Website owners should be criminally responsible only if they don't take the offending material down after being asked to by a relevant authority such as a court or law enforcement. By that I mean that there has to be a legal justification for the material's removal.

3 ( +3 / -0 )

Tom, I have to disagree. If you force the owners of a website to allow messages/posts they don't agree with, their only recourse is to delete their entire website. If you own, for example, a website supporting Manchester United, and a troll logs on and posts all caps comments about how Arsenal is the best soccer team in all the land… why shouldn't moderators be allowed to delete inflammatory comments? People viewing the website support Manchester United, and they will not appreciate inflammatory comments. They may visit the site less frequently, or not at all, leading to less traffic, fewer sponsors, decreased revenue, and a website that nobody likes.

I do believe in protecting speech, but if someone is posting clearly inflammatory remarks for no reason except to illicit a response, they have no place in a discussion. A suitable online recourse is to simply delete their post, or to ban them from that discussion form. I don't see that as having my "thoughts controlled" by corporations.

-1 ( +0 / -1 )

Readers, please keep the discussion focused on a site's criminal responsibility for what users post.

0 ( +0 / -0 )

I do believe in protecting speech, but if someone is posting clearly inflammatory remarks for no reason except to illicit a response, they have no place in a discussion. A suitable online recourse is to simply delete their post, or to ban them from that discussion form

Even with potentially criminal content though (don't like the idea that words, pictures, video and music can be criminal though) there are other options, such as to require an extra click to make content visible, move the content to a log available to all of content deemed "inappropriate" or to simply flag the user as someone who posts offensive or potentially criminal content.

It sometimes seems that interest groups and lobbyists have a lot of secret influence. And that also applies to things that are borderline illegal that they want to be made clearly legal or illegal.

In fact, correct me if I am wrong, but wasn't this whole idea of holding websites criminally responsible for user's content born from some pretty rabid and unreasonable interest groups? There are some very paranoid people out there who somehow see grave dangers in internet and speech freedom.

0 ( +2 / -2 )

No....its impossible to keep constant tabs 24/7 on what someone puts on your site. Even with keyword filters etc. there is no way to keep on top of incoming material all of the time. Sites that actively encourage or facilitate those kinds of contributions are another story. Another way to look at it is if weapons and munitions manufacturers aren't held liable for the damage their products do in the hands of other people then why should a website owner be treated more harshly? But with the advent of 3D printing where the end result of information can be a tangible product, new ways of looking at what constitutes free speech will have to be considered. Currently, the issue of criminalizing the 3D printing of guns is being held up as a text book example of an infringement of free speech. So there clearly should be limits set as to what reasonably constitutes free speech.

1 ( +1 / -0 )

Interesting question.

Should owners of a website be held accountable for what their posters post and what their moderators allow on to stay? Afterall, they can allow certain things to stay, remove responses which creates a purely anti-something discussion.

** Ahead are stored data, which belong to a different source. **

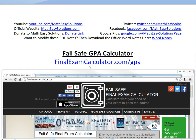Hi, it's Math Easy Solutions here to discuss a quick tutorial on the latest calculator from our finalexamcalculator.com website. This video is going to cover a GPA calculator — a grade point average calculator — and you can go to finalexamcalculator.com/GPA to use it.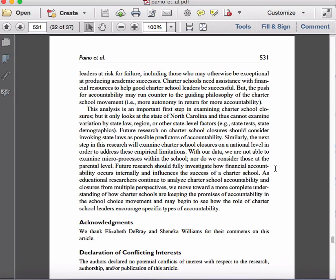They also suggest that since financial accountability is so important based on this study, it should be examined in greater detail — looking at what both internally and externally is influencing the financial success of charter schools. They end with a statement that regardless of which of these areas you choose to research, it's important that we continue to examine charter school accountability and charter school closures, essentially calling for researchers to continue along this line of inquiry.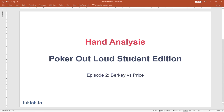Poker Out Loud helps us better conduct these hand analyses using solvers. Using a solver to analyze a hand requires us to make a number of assumptions about things like players' ranges, their strategic actions, and a number of other things. As a result, we have to estimate a lot based on player profiles and pool tendencies, and it's hard not to inject our own biases into these inputs. When watching Poker Out Loud, the players are explaining their thought processes, which affords us more knowledge to more accurately build our solver inputs when setting up the sim.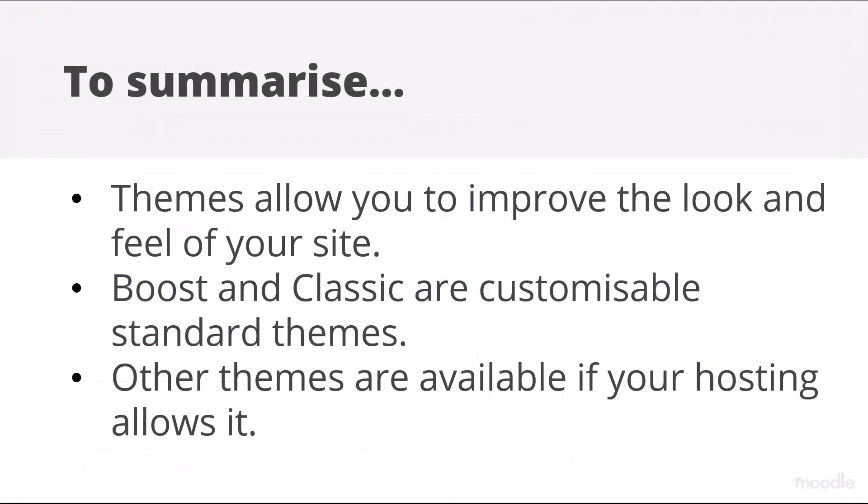To summarize, themes allow you to improve the look and feel of your site. Boost and Classic are customizable standard themes, and other themes are available if your hosting allows it.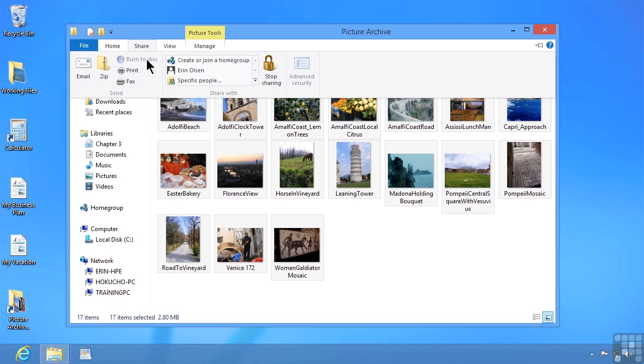If the option is available, that means you do have a burnable drive, and everything is good. You simply select the files and or folders, click or tap Burn to Disk. You'll be prompted how you want to do that and what you want to name the disk. You'll say OK, and you'll simply wait for everything to burn to that disk. It's that easy.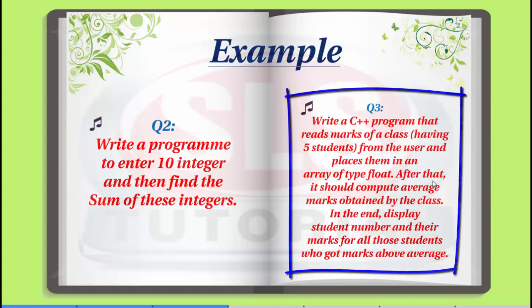After that, it should compute average marks obtained by the class. In the end, display student number and their marks for all those students who got marks above average.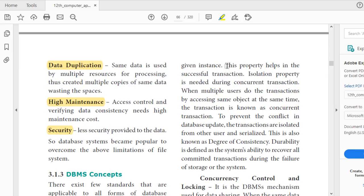The third property is isolation. This is helpful in reservation tickets — airline reservations, railway bookings. When doing online reservations, we select the date, time, passenger list, and proceed to payment. When multiple users do transactions by accessing the database at the same time, that is known as a concurrent transaction.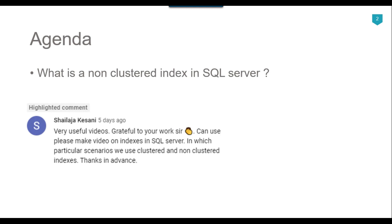Recently I got a question from one of my subscribers, Shailja Kaisani, and she asked: can you please make videos on indexes in SQL Server and in which scenarios we should use the clustered and non-clustered indexes? I have already created a video about what indexes are in SQL Server, how many types are available, and what a clustered index is. You should see a pop-up on the top right side of the video, and I recommend you watch that video first before watching this one.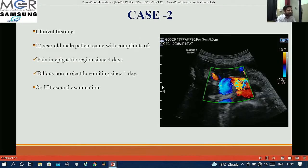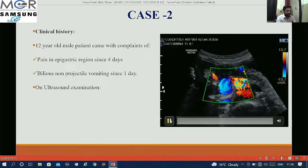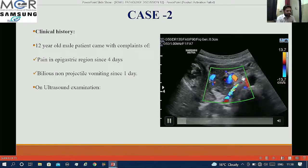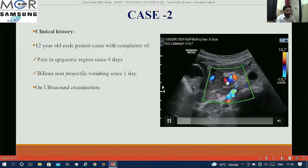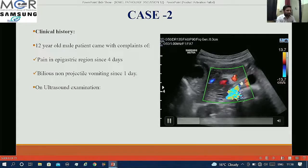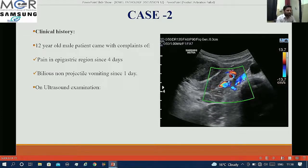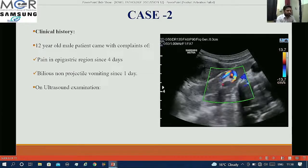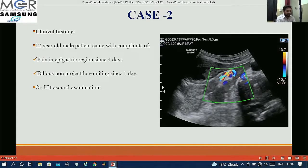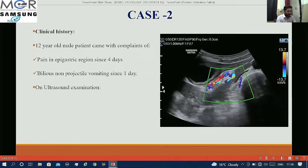This is case number 2. A 12-year-old male patient came with complaints of pain in the epigastric region and bilious non-projectile vomiting since one day. On ultrasound examination we can see twisting or swirling of bowel with mesentery, along with significant alteration in the relation between SMA and SMV.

Promoting one side over another.

It's a very slippery route...

-2 ( +1 / -3 )

The analogy would not be paper but a public message board hung somewhere. Making the operator responsible would enforce the monitoring of his website into a full time job for him which is not practical. So the answer is no.

0 ( +1 / -1 )

I don't think the operators have a criminal responsibility, but they do have a moral responsibility. If the content is immoral it should be removed, either by the operator or by the watchdog agencies.

-3 ( +0 / -3 )

Well, not for posting, no-one can control that, but for not taking it down, yes. Tho again, if it is a small site with a small staff and they didn't notice something, there should be some leeway. But if they noticed, or someone sent a mail informing them something was posted, or if there are regular continued postings and they don't discipline/ kick off the troublemaker, then yes they should be held responsible.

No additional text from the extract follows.